あれ程の美人を相手に、あそこまで拒絶反応を示すのは異様な気がしてならない。何か理由があるに違いない。そう思い、アキは近くにいるルルムンとレレムンに小さく囁いた。
「ガルフとシェットがあんなに嫌がってるのには、何か理由があるの?」
アキの問いに、ルルムンが目を瞬かせて口を開いた。
「う~ん、よく分かんないけどね。ガルフとシェットは、ロネットのことが好きじゃないんだって」
「そうなの?」
「うん。何でだろうね。ルムもレムも、ロネットのこと大好きなのに」
ルルムンの答えに、隣のレレムンもこくりと頷き賛同を意を表す。双子には、その深い理由が分からないのかもしれない。好きじゃないから嫌がっている。そのだけで十分な理由になっているのだろう。
「好きじゃない理由には、ロネットに大きな要素があるからだ」
いつの間にか、リゼルヴァーンが側で佇んでいた。呆れたと言わんばかりに、疲れた表情をして腕を組んでいる。向こうを見ると、シェットはロネットによって尻尾を掴まれていた。
「大きな要素?」
窺うように見つめてしまうのは、少し意識をしているからかもしれない。アキの問いにリゼルヴァーンは大きく溜息を吐くと、「驚くなよ?」と断りを入れてから言葉を発した。
「ロネットが男だからだ」
「…………え?」
ロネットが――おとこ? おとこって……男?
頭の中で、言葉を漢字に変換するまでに数秒要した。あまりに唐突な言葉に、アキの思考は完全にストップする。
「ちょっと待って。えーっと……ロネットが、何?」
「男だ。だから、アイツ等は嫌がっている」
ロネットが男。もう一度聞いて、アキはやっと理解した。
「ええぇぇ!? お、男!?」
簡単に信じられるものではなかった。どう見ても、彼女は――いや、彼は女性にしか見えない。魅力溢れる容姿に、色気ある仕草。それに立ち振る舞いは完璧に女性のそれと同じである。男であると言う方に無理があった。

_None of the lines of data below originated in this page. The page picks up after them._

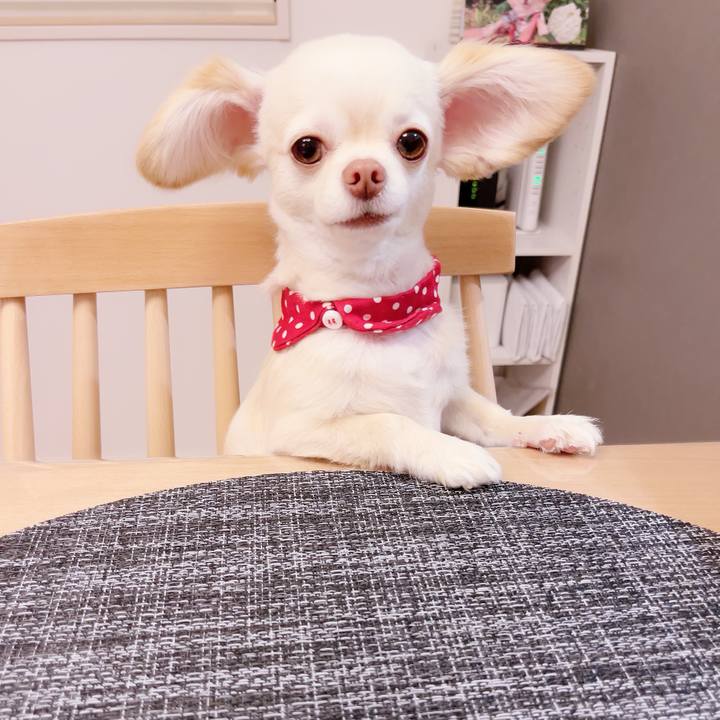 23e244b9 e028 4cee bbf1 0cb9b7cf482b 1685697067915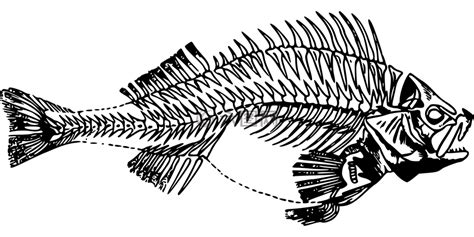 鱼鲈鱼骨架高清图库素材免费下载图片编号7637765 六图网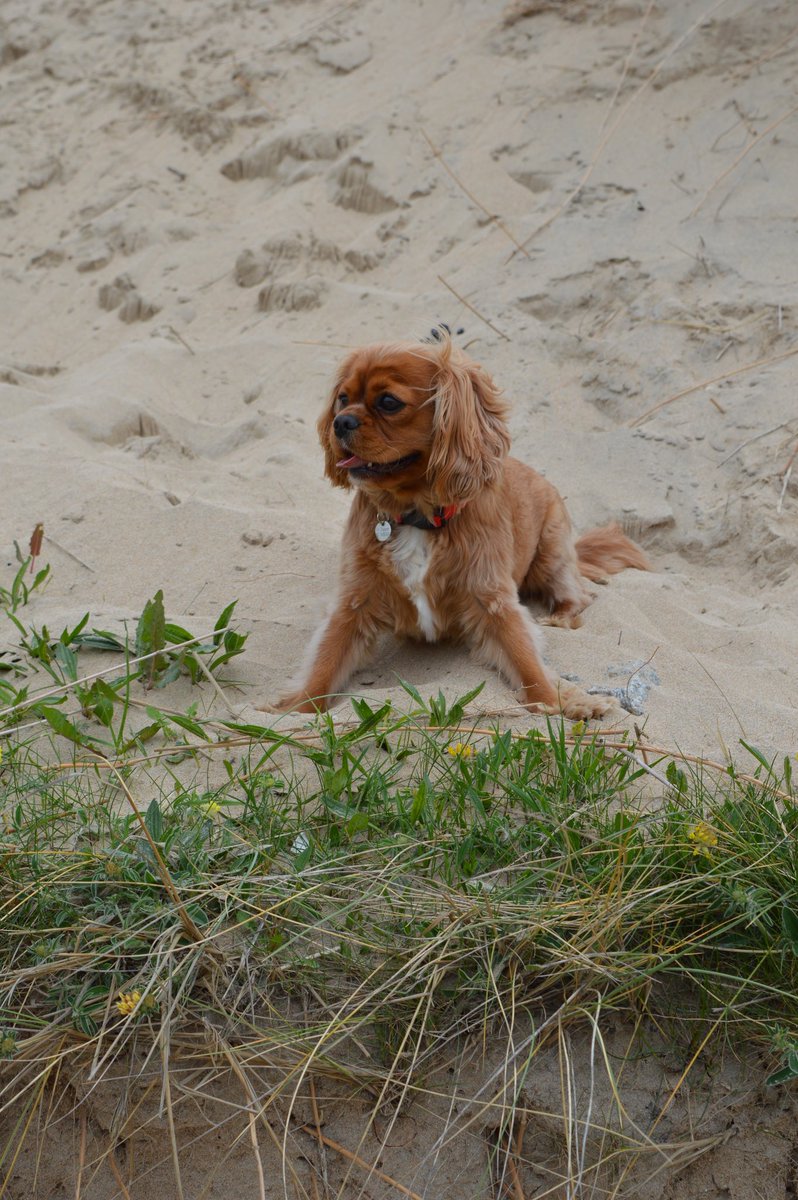 RubyTheCav's tweet photo. Heading to #Crantock tomorrow. Time to place some of our girls ashes in her favourite place. Miss her so much. Gonna be a very difficult week down there! #ripruby #cavpack #rubyfromtheblock #newquay #crantockbeach https://t.co/zUguNP7Wtv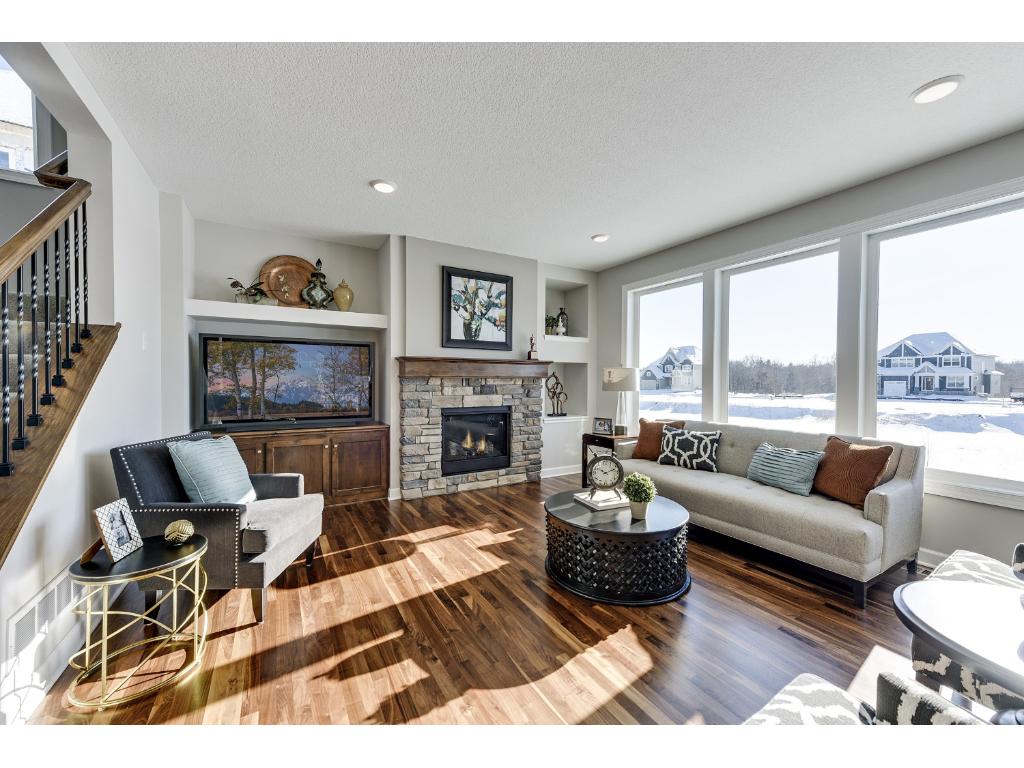 10909 Glenview Pl, Champlin, MN 55316 photo 7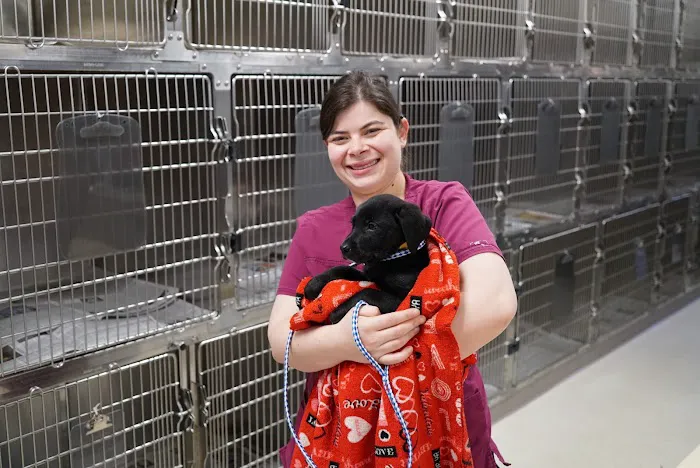 ASPCA Spay/Neuter Alliance 12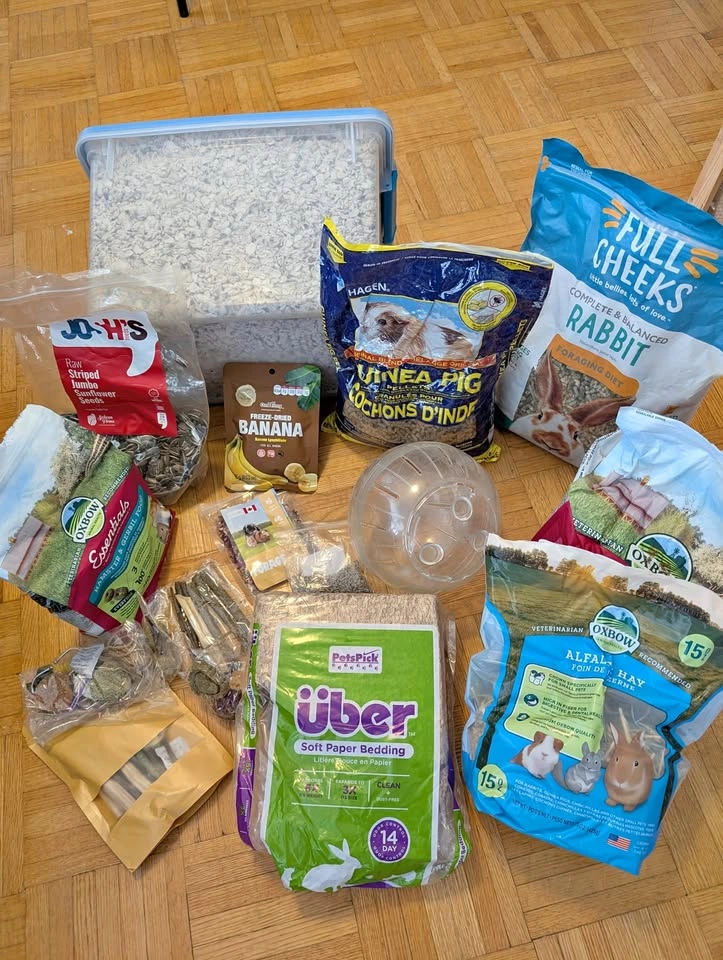 Hamster, rat, gerbil etc food and treats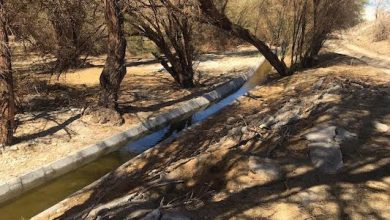 Photo of Ley de riego: unánime respaldo a proyecto que prorroga y mejora sus beneficios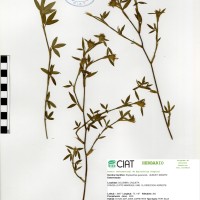 11716 herbarium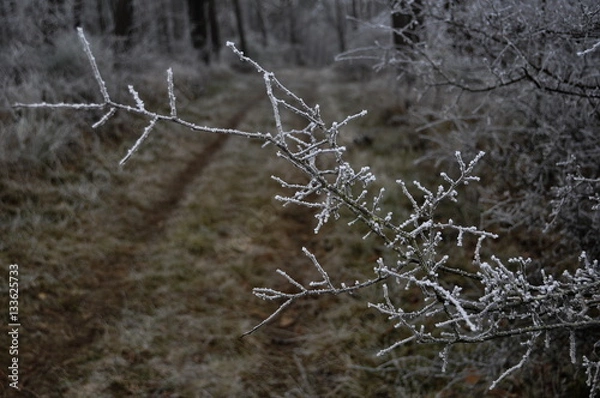 Obraz Branche givrée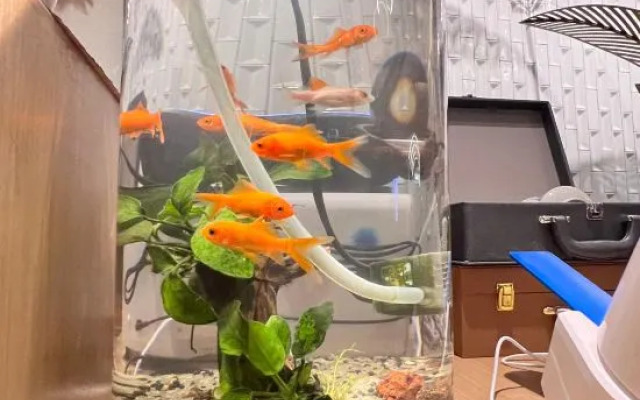 Jingdezhen Qinghui Nuanju Hotel (Taoxichuan Branch)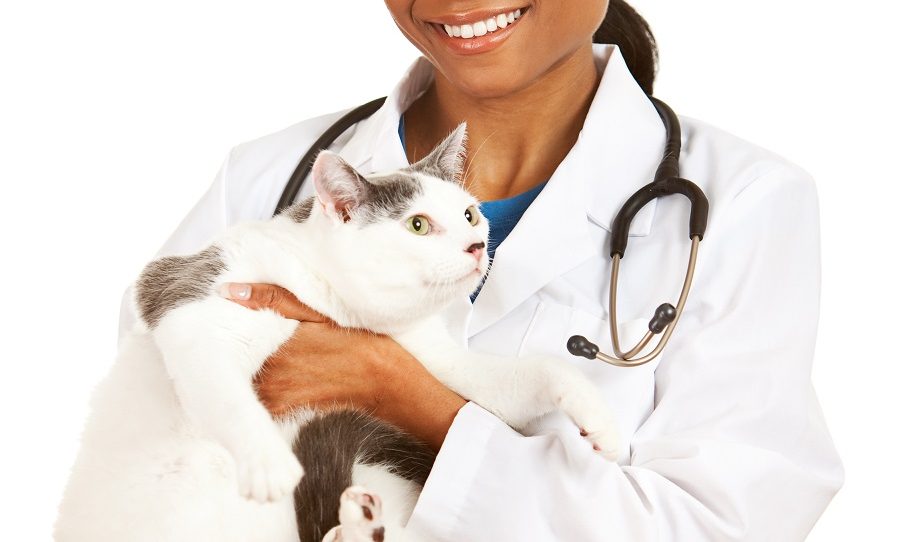 Animal Welfare Act, Vets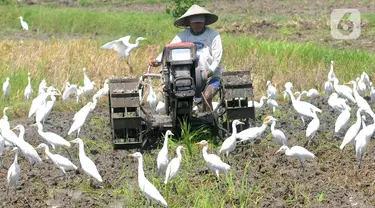 Petani membajak sawah dengan menggunakan traktor dikelilingi burung kuntul yang mencari makan di desa Penarukan, Mengwi, Bali, Rabu (4/5/20222). Sawah tersebut akan ditanami padi jenis Cigeulis dengan masa umur panen sekitar 3 bulan. (merdeka.com/Arie Basuki)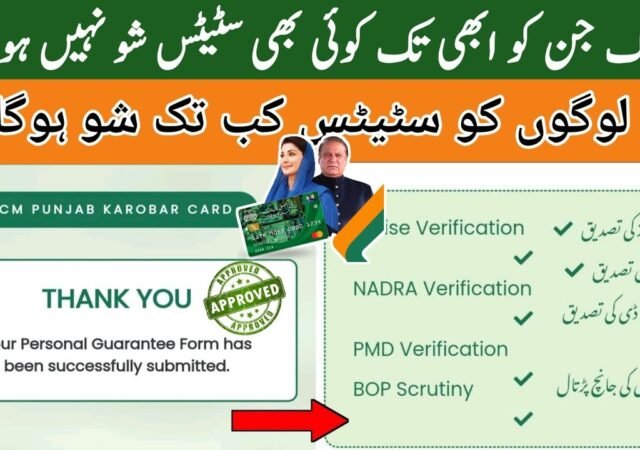How To Check Asaan Karobar Card Application Status?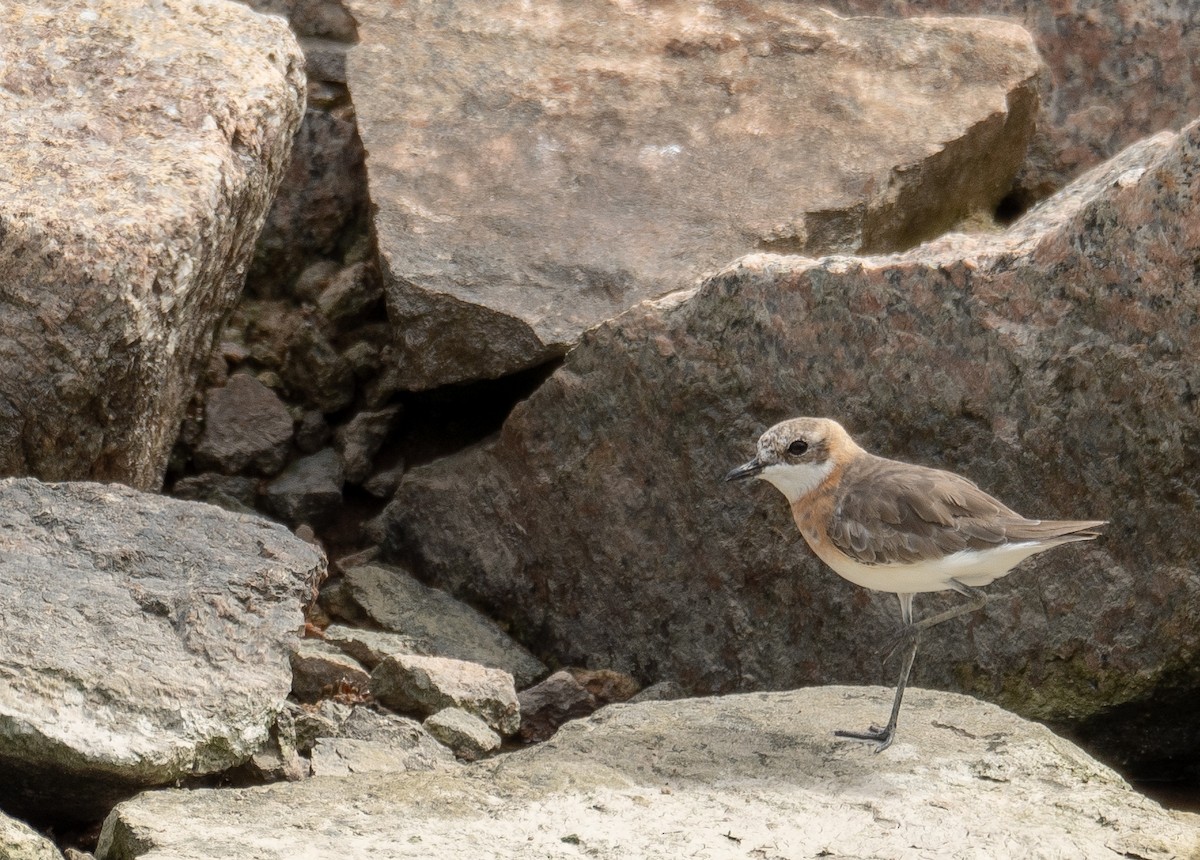 Tibetan Sand-Plover - ML646573179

アキの叫びに気付いたのか、ロネットがこちらに微笑む。そして楽しそうな笑顔を浮かべたまま、アキの疑惑を粉砕した。
「ごめんね、アキちゃん。私、男なの」
そして、また可愛らしくウインク一つ。
そんな。まさか。嘘でしょ? だって、だって。
今までのことを思い出して、アキの頬はみるみる赤に染まっていった。
手だって握った。それに、抱きしめられもした。女性だからと思って恋の話もしたのに。それがまさか。男だったなんて……!
怒りなのか、それとも恥ずかしさなのか。どちらともとれる感情が、アキの頬を赤く染める。そんなアキをにやりと見つめて、ロネットがゆっくりと近づく。
「私こんな格好してるし、言葉遣いも女性だけど、男が好きって訳じゃないのよ? 可愛い女の子が大好きなの」
言って目を細める。企むような、何かを含んだような瞳だった。
「この意味、分かるわよね?」
「……っ!」
ロネットの中にある「男」を見たような気がして、アキはびくりと肩を竦めた。